Another advantage of this trait is that you can claim ownership for a successful innovation simply because you were in the room when it was born rather than having to fight for credit later on.
4. They built mental models.
If the facts don’t hang together on a latticework of theory, you don’t have them in a usable form. — Charlie Munger
The final trait all superstars shared in common was how much they loved generating theories. They constantly told stories to themselves and colleagues about what they saw and heard.
These stories included topics like why certain accounts succeeded or failed, why some clients were happy or disgruntled, how different management styles influenced employees.
The more superstars obsessed about explaining these ideas, the stronger their mental models became. Doing so at a constant rate helped them share new ideas during meetings, ask colleagues to help imagine how future conversations might unfold, or envision how a pitch should go. They could also contribute concepts for new products and ideas to sell them.
The MIT researchers calculated that getting cc’d on those early emails and building mental models eventually earned productive people an extra $10,000 (on average) each year in bonuses.
Beyond the Existing Workplace
People who can generate theories are also sought after by various companies.

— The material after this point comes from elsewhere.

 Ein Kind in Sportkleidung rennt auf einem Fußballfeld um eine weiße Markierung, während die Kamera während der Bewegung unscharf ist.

Andy Billing, a VP at Electronic Arts said, “We look for people who describe their experiences as some kind of narrative. They have an instinct for connecting the dots and understanding how the world works at a deeper level. That’s who everyone tries to get.”
This means that people who keep learning don’t just do better at their work; they also grow faster in their careers.

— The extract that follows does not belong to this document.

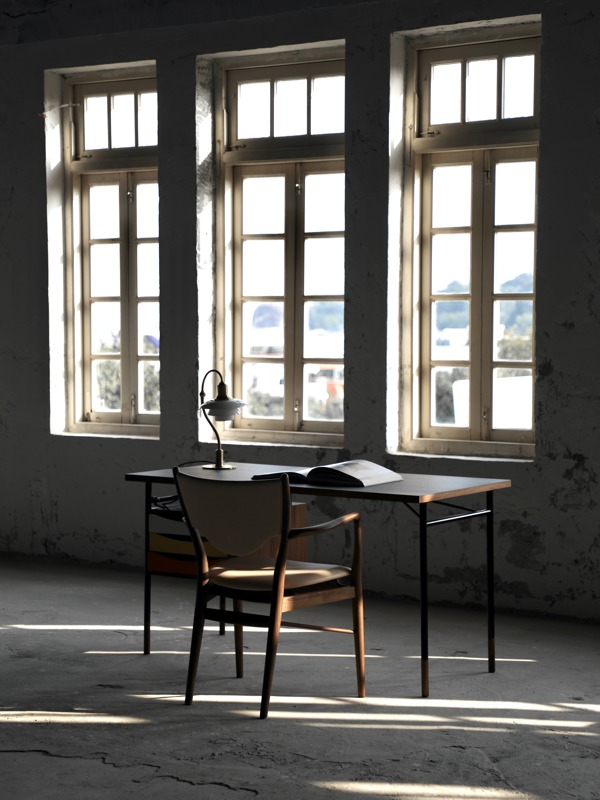 The 46 Armchair in walnut with 'Vegetal' leather upholstery in the colour '90'.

According to Charles Duhigg, developing a habit of telling ourselves stories about what we see around sharpens our attention, improves our focus, and helps us avoid distractions.

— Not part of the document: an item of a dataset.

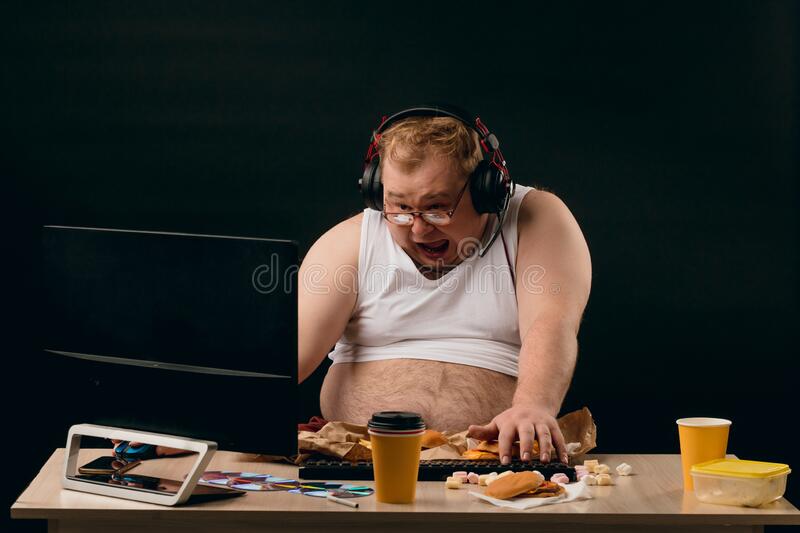 Emotional fat plump man listening to music using computer close up photo funny wasting his tim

Dozens of research papers since then have concurred with these findings.
In a nutshell, here are the five traits you should imbibe to succeed in every aspect of your life, including your career:
- Manage your attention: Your energy and attention are your most important assets. Shine them on what’s important rather than living at the mercy of your environment.
- Handle limited project: Less is more. Work on no more than five tasks. You’ll make meaningful progress in a healthy but not overwhelming load of work. (As an aside, here’s how you can say no to more projects without offending anyone.)
- Step outside your comfort zone: Sign up for projects that require you to meet new people and build new skills. The beginner’s mindset will make you thrive in the new economy.
- Take calculated risks: Choose which projects you want to join during the early stages. This exposes you to new ideas early and you don’t have to fight for credit if the innovation succeeds.
- Build strong mental models: Understand how things around you function. Tell yourself stories about them and encourage people to challenge your analyses.
The industrial era demanded people to use their hands and take orders. The knowledge era demands that we use our minds and take decisions.
Nothing can stop you from achieving what you want. Go out there and build the world you want to live in.